Sadly, in all three of my attempts, the non-electrified plants actually outperformed those with an electroantenna nearby 🙁

Below is a picture of my results.

passion fruit seedlings

The first picture below shows the difference in growth of passion fruit seedlings with and without electroculture.

As you can see, the seedlings with antennas grow significantly slower than those without the help of copper wire antennas.

Both were planted and sprouted at the same time. The copper wound antenna was installed when the seedlings were about the same size.

Passion fruit vine growing with or without electroponics

potted landscape plants

My second example is two bougainvillea landscape plants that have partially died from the winter freeze.

They were in about the same recovery stage 4 months before I installed a copper wire electroculture antenna in one of the pots (the south side of the plant) to see if the plants would recover faster.

Unfortunately, it wasn’t.

As you can see, potted plants without antennas are well advanced in the recovery process.

moringa tree

We also tested electro-growing on two young moringa trees.

Unlike the previous example above, the trees were growing directly into the ground.

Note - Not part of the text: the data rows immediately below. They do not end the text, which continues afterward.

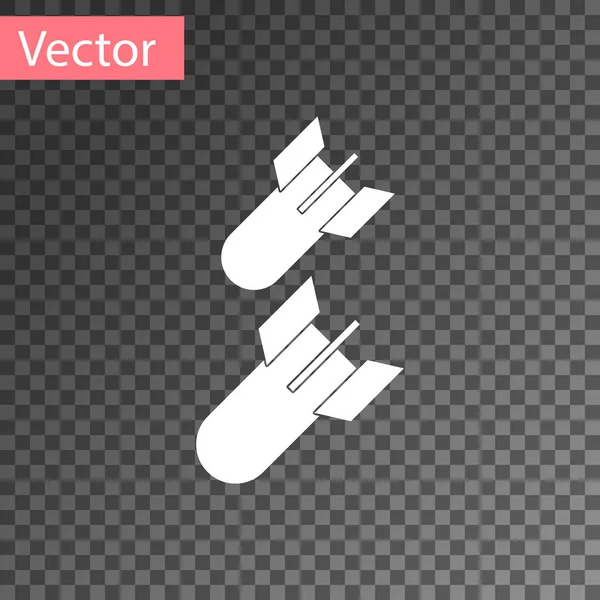 Witte Luchtvaart Bom Icoon Geïsoleerd Transparante Achtergrond Rocket Bomb Vliegt — Stockvector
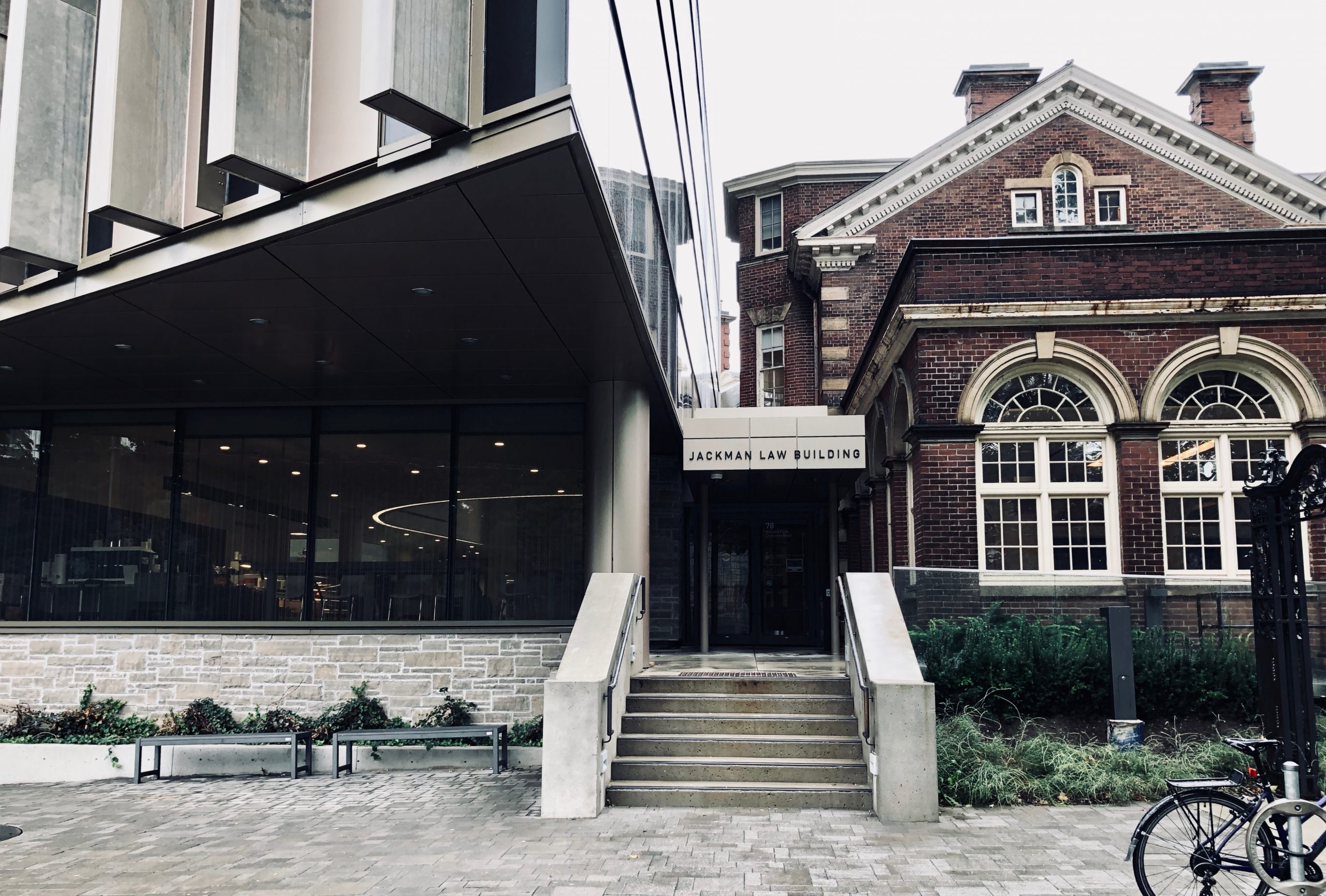 Image of side entrance to Jackman Law Building, University of Toronto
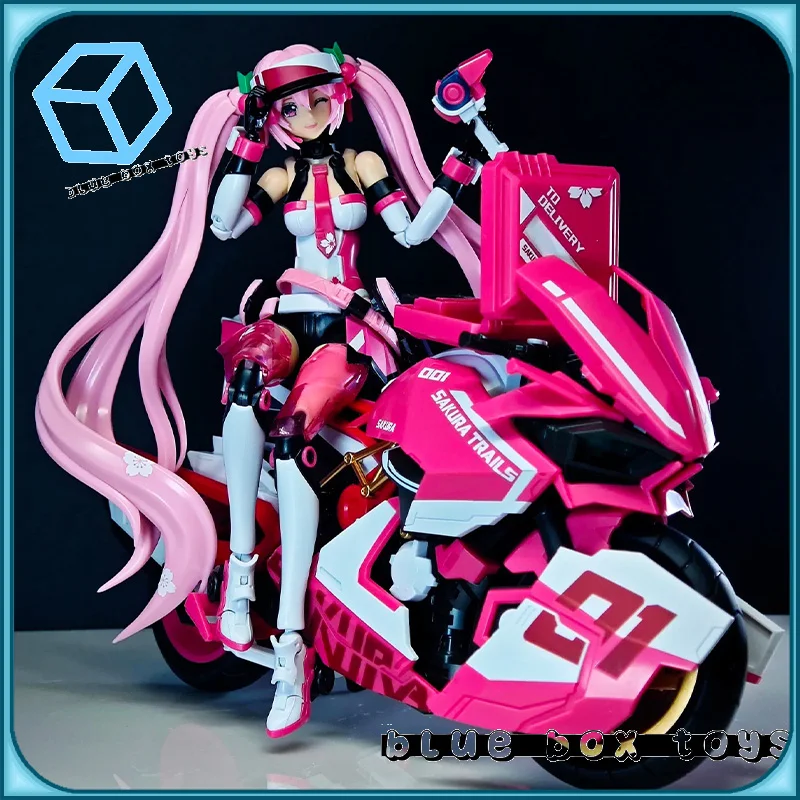 

In Stock SOSKILL X Hatsun Miku Sakura Miku Pink Motorcycle Action Figure Assembly Model 16CM Genuine Collect Model Toys Gifts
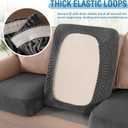 H.VERSAILTEX Velvet Stretch Couch Cushion Cover Plush Cushion Slipcover for Chair Cushion Furniture Protector Seat Cushion Sofa Cover (1 Piece Armchair Cushion Covers, Grey Striped)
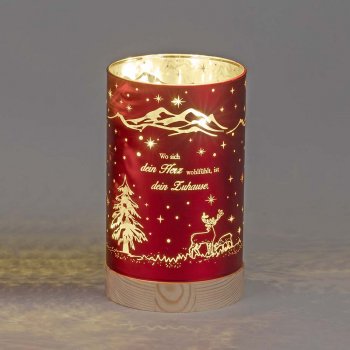 Preview: Deko-Licht rot 15 cm B Zuhause aus mattem Farbglas mit LED-Licht 814333 formano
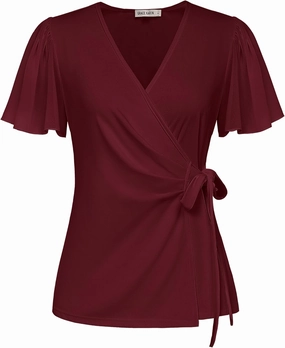 GRACE KARIN 2025 Womens Summer Tops Dressy Business Casual Chiffon Short Sleeve V-Neck Wrap Work Fitted Blouses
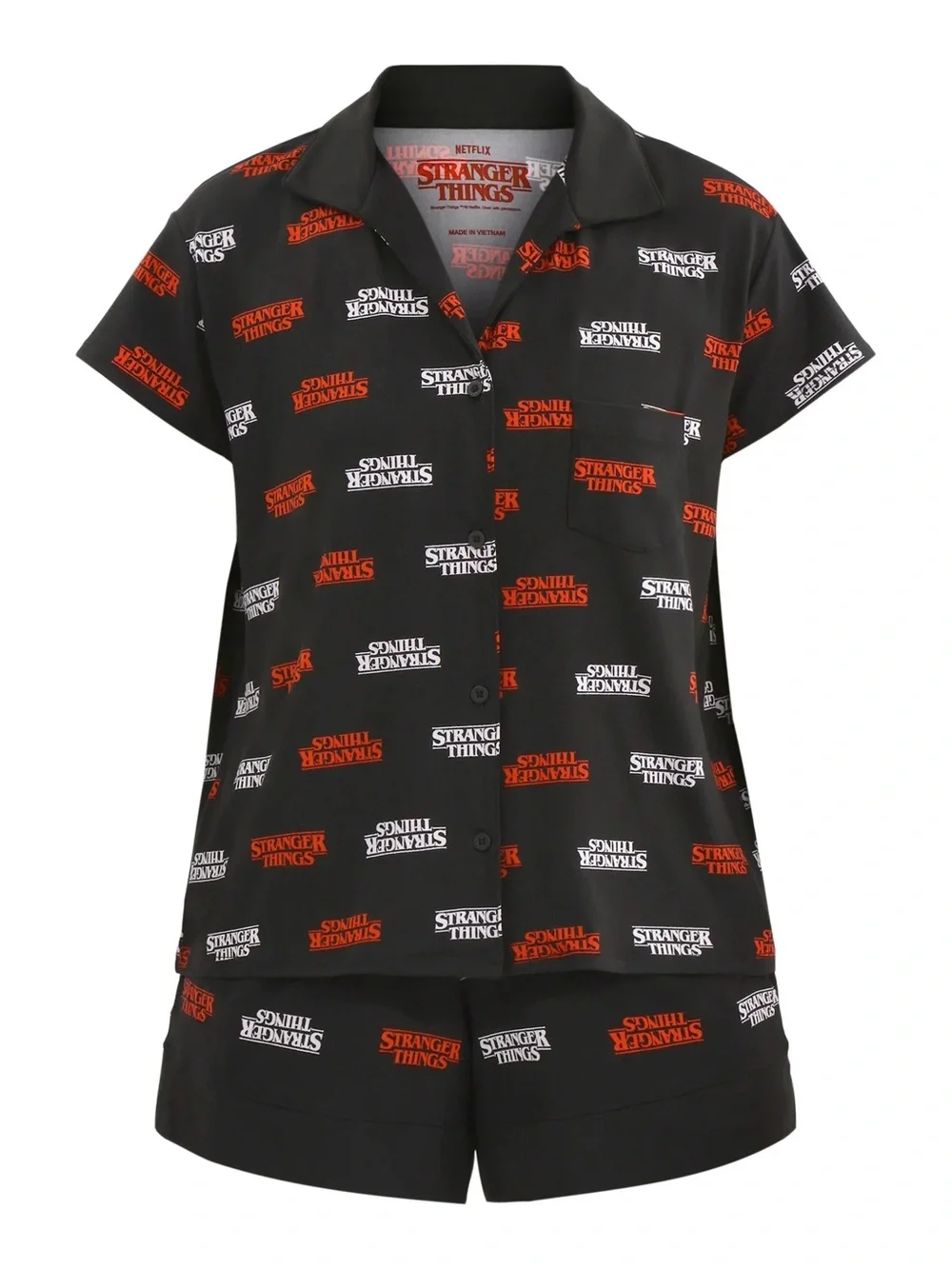 Netflix Stranger Things Women's Printed Notched Top and Shorts Pajama Set, 2-Pc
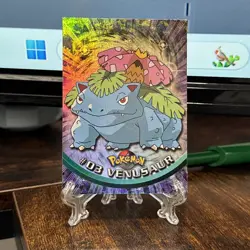 topps Pokemon TV Animation Series 1 Rainbow Holo Foil #03 Venusaur #3 1999 Card - Image 1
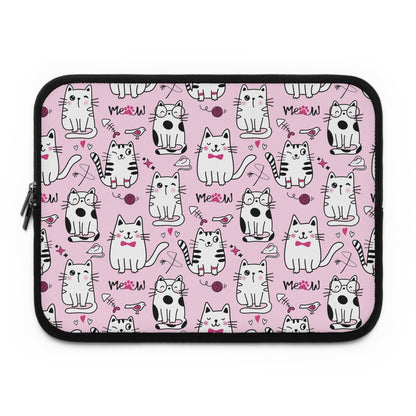 Sassy Cats Pink Laptop Sleeve or Tablet Cover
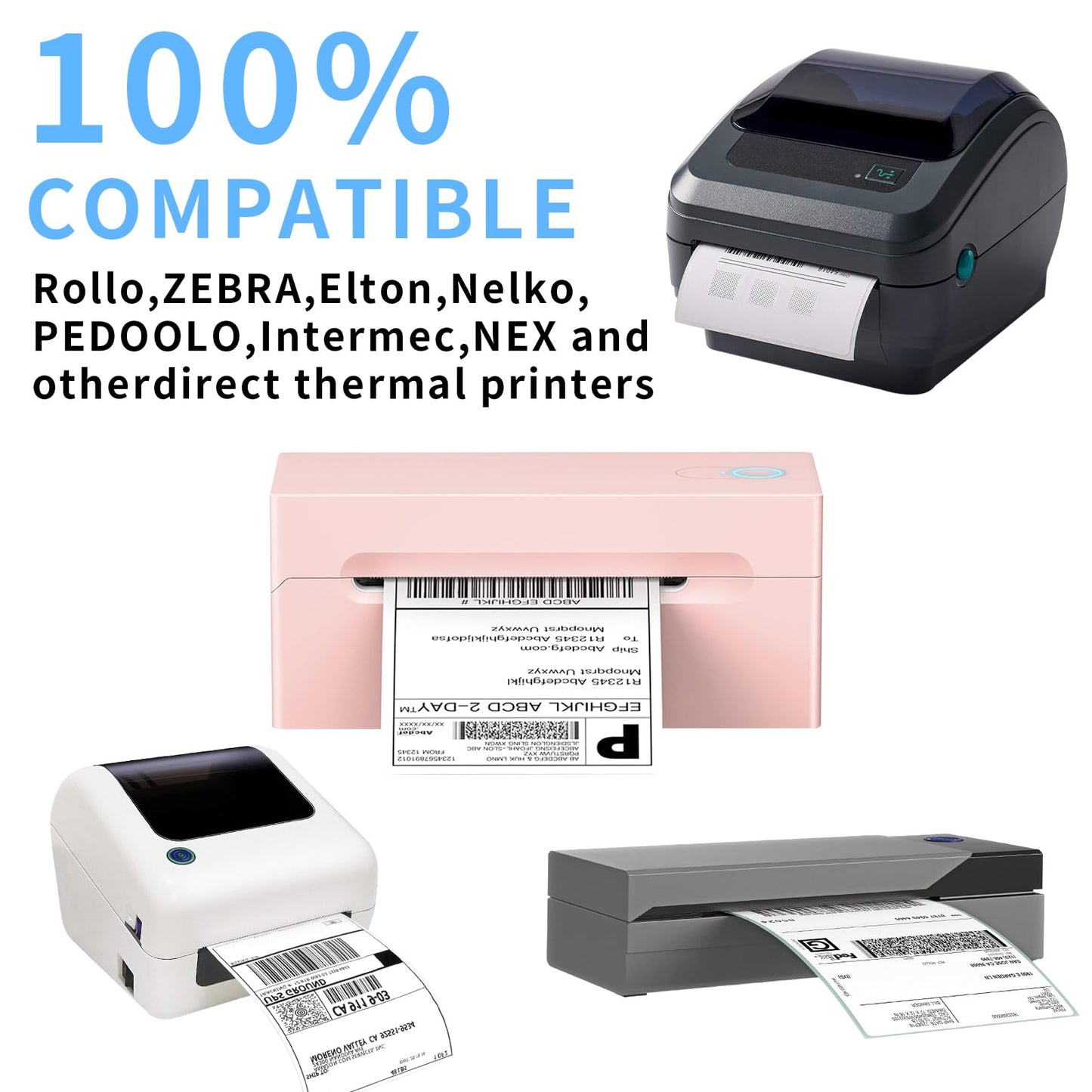 Direct Thermal Label-Shipping Label 4x6-NefLaca Thermal Printer Sticker 4"x6",Compatible with Rollo,Nelko,Zebra. MUNBYN Printer(4 Packs of Total 4000 Labels)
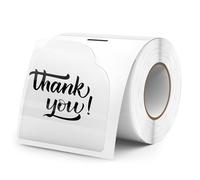 FINDAT Clear Thermal Labels 76 x 76 mm Rectangular Transparent Stickers Vinyl Direct Waterproof Self-Adhesive Removable Name Tags for Barcode Business DIY Logo 200 PCS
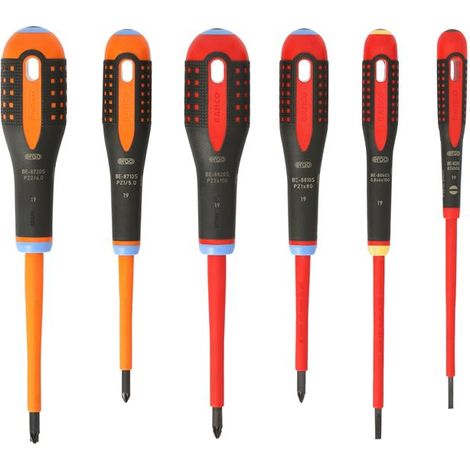 Bahco BE-9884S ERGO™ VDE Insulated Screwdriver Set, 6-Piece (Slotted and Phillips) with Ergonomic Handles (1/5)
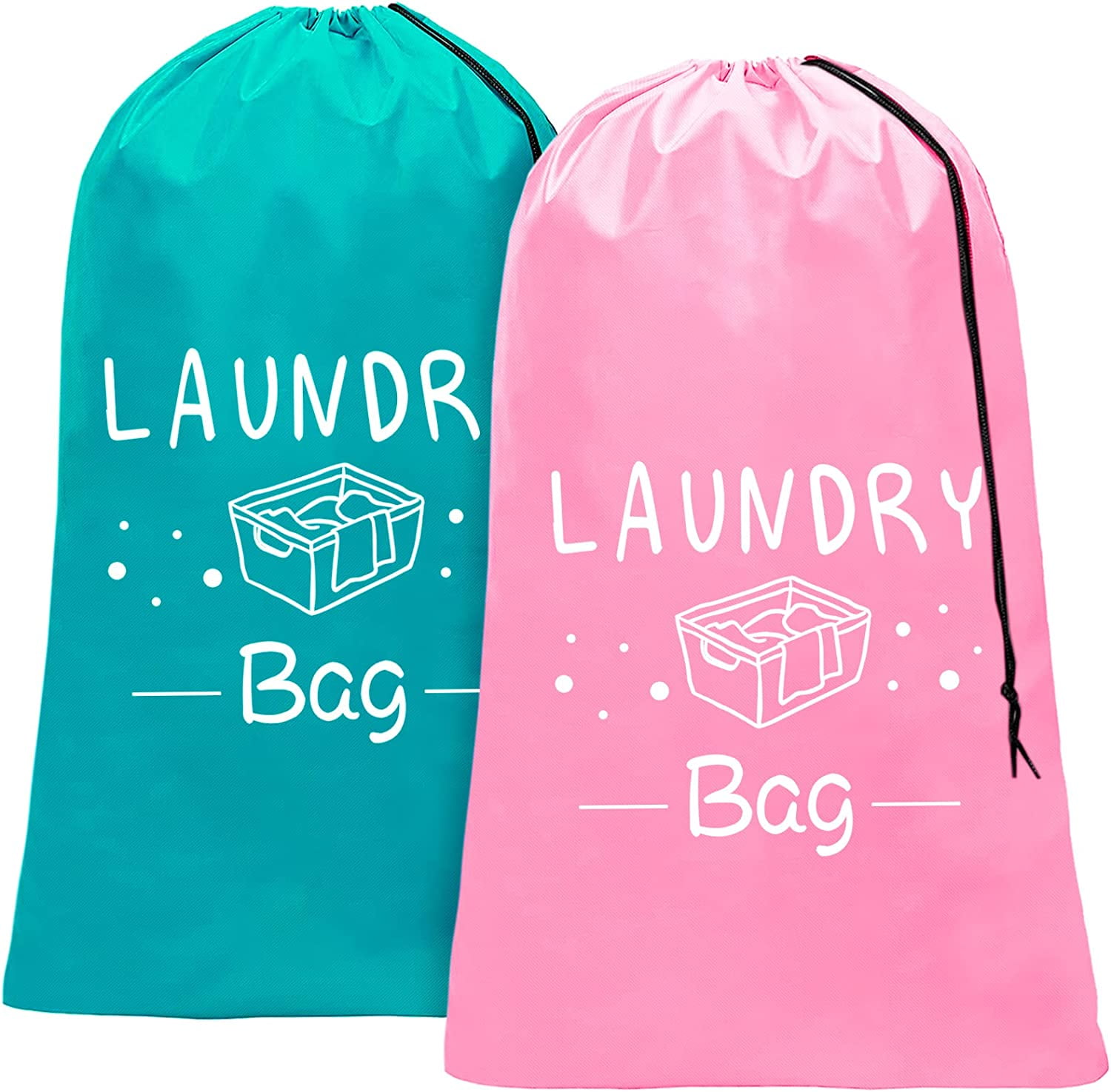 Virevialis 2 Pack Extra Large Travel Laundry Bag, Durable RipStop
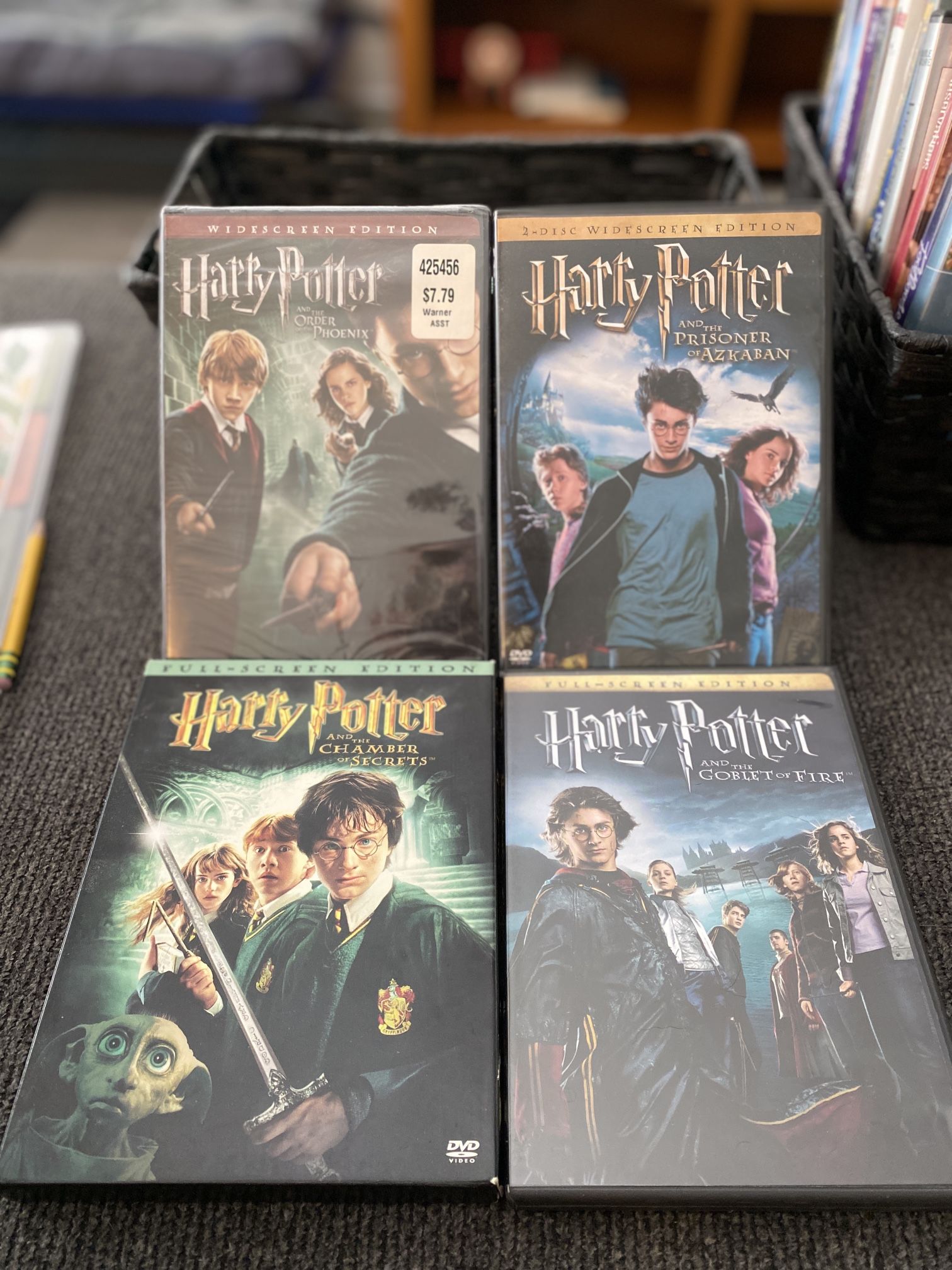 4 Harry Potter Movie DVDs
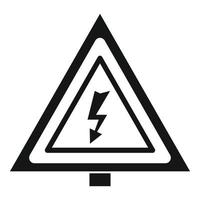 Electric triangle icon, simple style vector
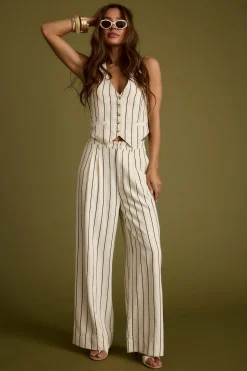 Hot Diane White Striped Vest Sets|Sets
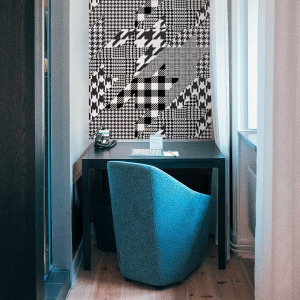houndstooth wallpaper in a home office, black and white, peel and stick wallpaper by the wallberry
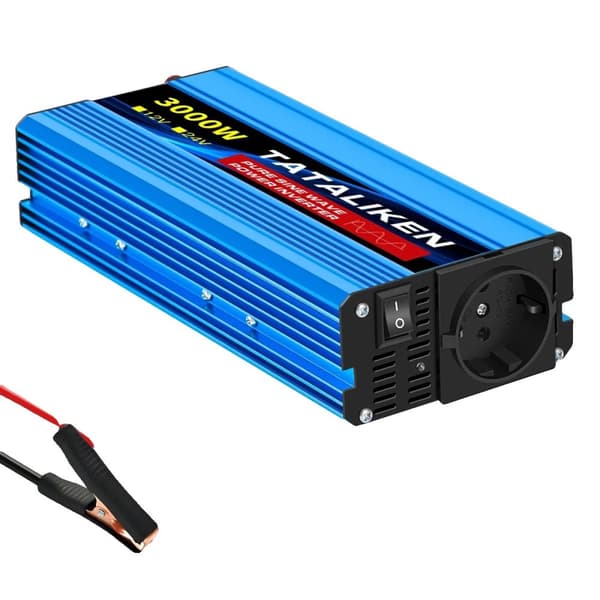 Strøminverter, Ren Sinus Bølge, Indbygget Konverter,12V 3000W 220V EU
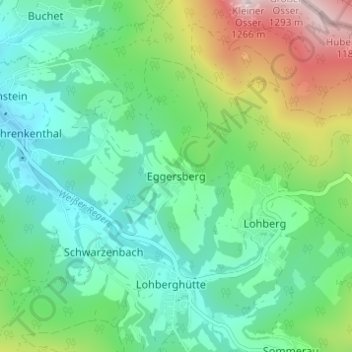 Mapa topográfico Eggersberg, altitud, relieve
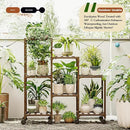 Bamworld Plant Stand with Wheels for Indoor Plants Wood Outdoor Tiered Shelf 3 Tire 7 Potted Ladder Plant Holder Table Pot Stand for Window Garden Balcony Patio Living Room (natureDL) by GreenHaven Gardens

Perhaps this will affect the results?

Apparently not.

Once again, trees growing without the help of electroculture antennas grow faster and with stronger clips than trees with antennas.

Like the bougainvillea above, these trees were also damaged by last winter’s freeze.

I cut them back at the same spot on the stem and put an electroculture antenna next to one of them to see if they recover/grow faster.

As you can see, trees without antennas grow remarkably well.

Moringa tree with electric culture antenna

Is electroculture really effective?

The claims surrounding electroculture are very compelling, with some sources saying that electroculture is the solution to world hunger.

Unfortunately my personal attempts to get it working on my premises failed 3 out of 3 times.

What am I doing wrong (if any)? I’d appreciate any input from those with more experience on this subject.

I hope electric farming is real and a real principle that home gardeners can use to increase production cheaply and easily.

But so far, our house has not lived up to the hype.